__EXERCISE GOAL__. If the records below hold pictures, omit them, and print exactly the lines from the first line through the line containing "Image de Casio", inclusive.

__MATERIAL SUPPLIED__.
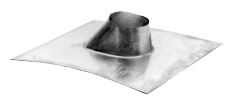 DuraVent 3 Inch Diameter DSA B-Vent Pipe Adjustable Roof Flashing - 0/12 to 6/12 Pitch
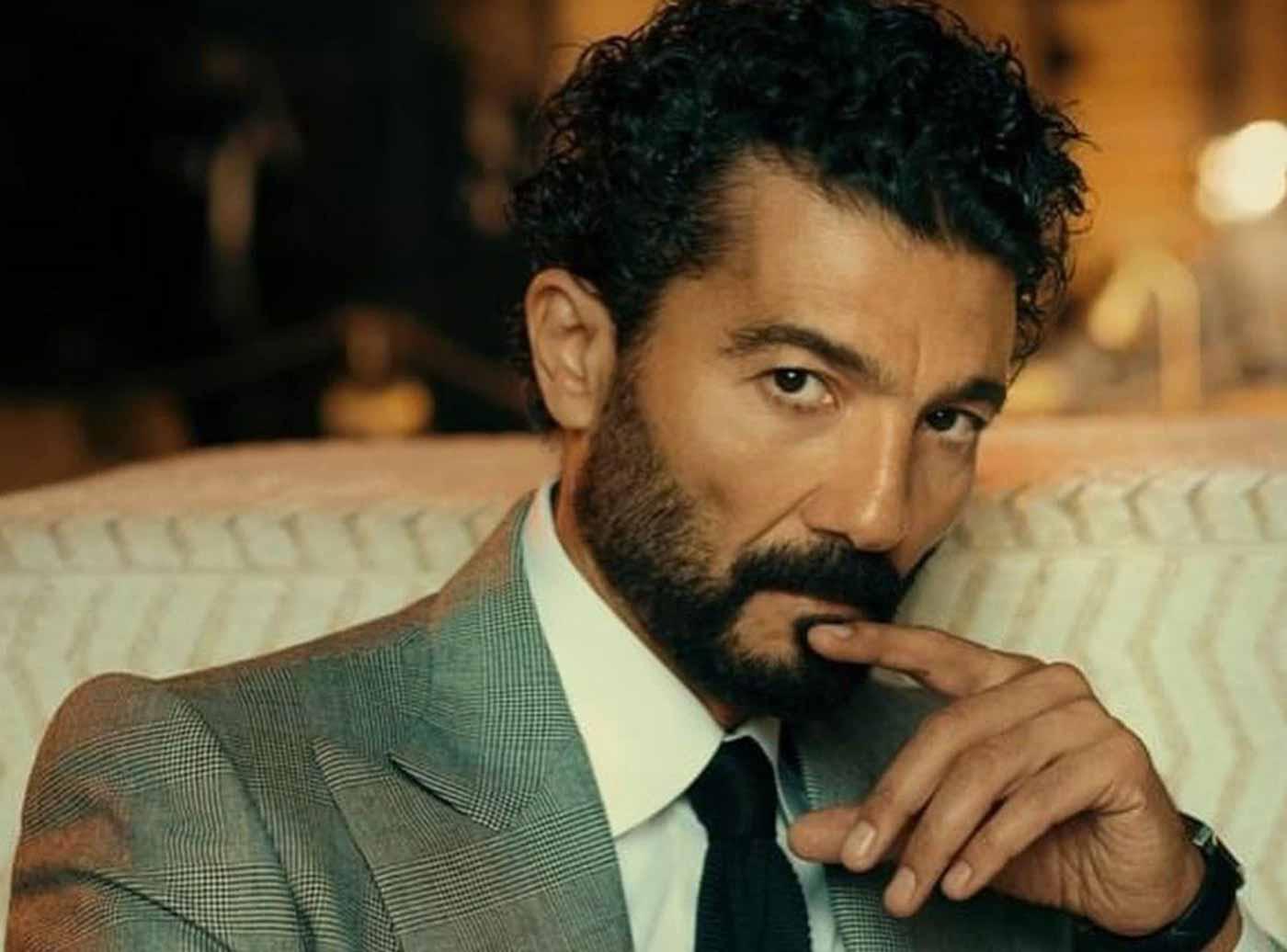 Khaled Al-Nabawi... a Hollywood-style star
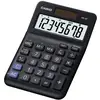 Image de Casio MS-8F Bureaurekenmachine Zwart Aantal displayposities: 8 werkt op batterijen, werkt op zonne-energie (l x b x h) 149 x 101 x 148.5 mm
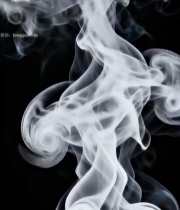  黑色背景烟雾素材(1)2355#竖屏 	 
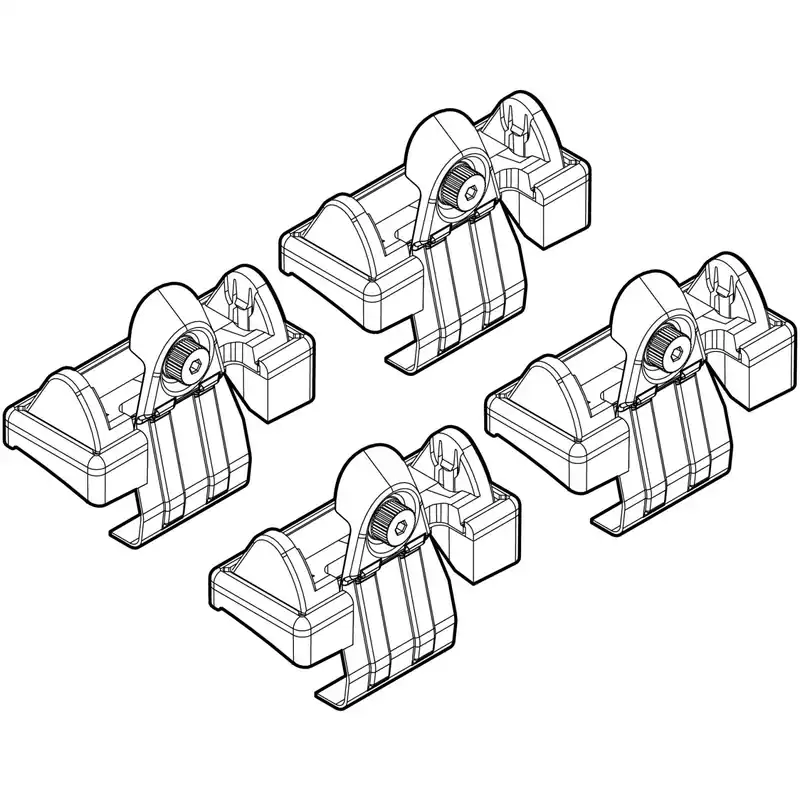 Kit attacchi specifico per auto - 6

__RESPONSE TO THIS TASK__.
 DuraVent 3 Inch Diameter DSA B-Vent Pipe Adjustable Roof Flashing - 0/12 to 6/12 Pitch
 Khaled Al-Nabawi... a Hollywood-style star
 Image de Casio MS-8F Bureaurekenmachine Zwart Aantal displayposities: 8 werkt op batterijen, werkt op zonne-energie (l x b x h) 149 x 101 x 148.5 mm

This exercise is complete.